Language policy depends very much on the composition of the nation: India has over 20 official languages, Switzerland has four. Germany has only one plus special rights for some indigenous minority languages. Language policy is a mixture both of historical development, political and social conditions and will. What is contraproductive in language policy is to enforce one language over others: this always creates resistance and often violent conflict. E.g. in South Tyrol the Italian government tried to impose Italian instead of German in the 30s and 40s. This had very detrimental effects. After equal language rights were introduced in the province, the situation improved considerably. Hope this helps.
40 years ago in many parts of the world, a limited proportion of learners learned a foreign language as part of their state school education. Today virtually every child on earth has English lessons as part of their school curriculum. Isn't the global spread of English as a core curriculum subject in state education systems, one very clear example of language-(in education)- policy spreading very rapidly across countries? Why has this happened so fast and so universally? A result of changes in both global and national contexts over past decades.

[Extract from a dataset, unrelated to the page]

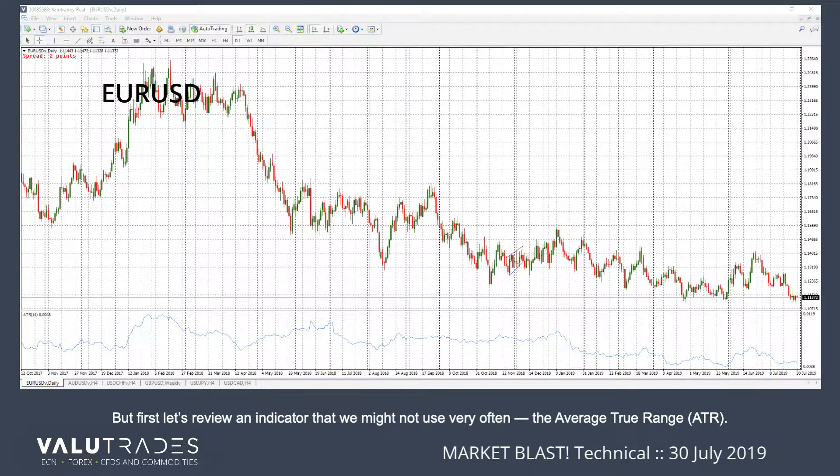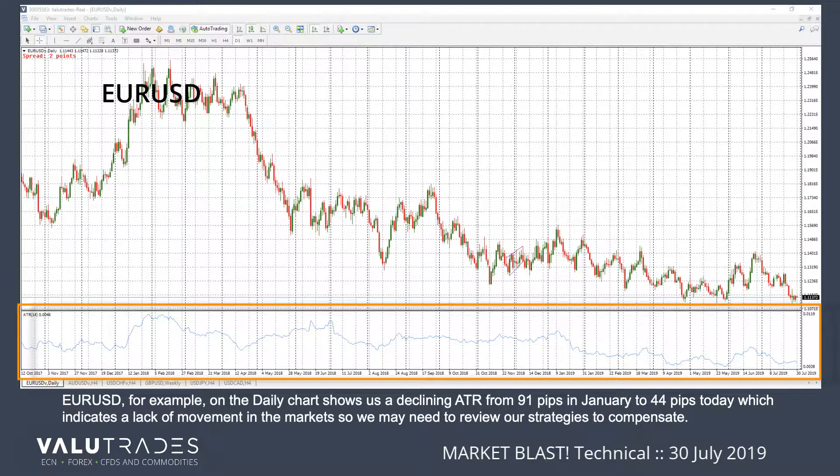But first, let's review an indicator that we may not use very often: the average true range. EURUSD, for example, on the daily chart shows us a declining ATR from 91 pips in January to 44 pips today, which indicates a lack of movement in the markets, so we may need to review our strategies to compensate.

Well, Martin, yes. English has now probably the role that Latin had in Europe centuries ago (or Sanskrit in Asia for that matter). But: when I learnt English (and French and Latin) more than 40 years ago, I learnt it properly, complete with grammar and pronunciation. And I did not have the opportunity to fly round the world like young people today. Yet today's youth speaks a sort of English that makes my teeth fur over, and they do not know other languages either....
Language policies (or any kind of policies, really) are always contextualized. In contrast to what we usually think, policy implementation is messy and multilayered (see the onion metaphor from Ricento & Hornberger and Hornberger & Johnson; see the research from Stephen Ball and colleagues). Policy implementation (or rather 'enactment' Ball et al. would call it) comes with a lot of interpretation by many people. A lot of so-called 'policy actors', i.e. policy makers, teachers, parents ... interpret a policy from their own viewpoint, which is influenced by adn based on their own experiences and believes - what Spolsky (2004) calls 'ideologies'.

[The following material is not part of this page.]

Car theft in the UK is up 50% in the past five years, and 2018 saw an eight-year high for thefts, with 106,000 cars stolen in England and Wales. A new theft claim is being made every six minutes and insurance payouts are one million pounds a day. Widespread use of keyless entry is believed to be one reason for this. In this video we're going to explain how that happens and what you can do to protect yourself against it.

English is probably such a dominant foreign or even second language to many people around the globe because of its status: people consider it an interesting language, people want to be part of a larger community and English is the main vehicle for communication within that international community. The use of English thus is not necessarily part of a governmental language policy, but worked its way all the way from the bottom to the top.
Ashkan, I do not claim statistical accuracy, but 40 years of teaching may give me some impression of the standard of the second (or third) language in my own country, and believe me, it has often become deplorable. Maybe people took more effort to learn a language when travel to the respective country was not so easy. But I stand by my argument: my students today (in contrast to a decade ago) are weak on grammar and pronunciation, and often they do not take the trouble to make an effort to improve....
Btw, my children are bilingual, and they speak and write much better than I....
@ Ashkan, that's exactly what I meant with "they want to belong to the international community" - not (primarily) because they think English is interesting to study in terms of linguistics of literature.
Ashkan Latifi My experience oddly confirms both your observation, and in a slightly parallel way, Dagmar Hellmann-Rajanayagam's. I have had Iranian students who started out with some weaknesses in their English but because of motivation, interest, and a good work ethic, finished strong; others were strong to begin with. In contrast, I have had domestic students, whose native and only language is English, speak and write worse than many international students. I don't know about teeth furring over, but many a time I have cringed at the first page of an essay and delayed the inevitable by shunting it to the bottom of the pile. 😖
Dear Karl, yes, I have that same experience with my students. But in some ways, I put it down to age: when we were young 'everything was better'???!! With English, the problem is, I think, that grammar is no longer taught. I have a very bright Ph.D. student from Scotland doing Indian languages with me, and she finds it inordinately difficult to get to grips with them because by her own statement, 'she was never taught grammar at school'. The same, I am afraid, applies to German. So many of my admittedly bright students write in a way (both English and German), that really makes my teeth fur over....
Btw, I am firmly convinced that, if you do not know your own language properly, you will not be able to acquire another one to an acceptable level.
I think every nation has its own language policy, so it needs further research on whether the multilanguage layers could be implemented or not. Indonesia is a multilanguage country. But the language policy is Bahasa Indonesia is used in a national formal meeting. Meanwhile, English can be a second language used in international meetings.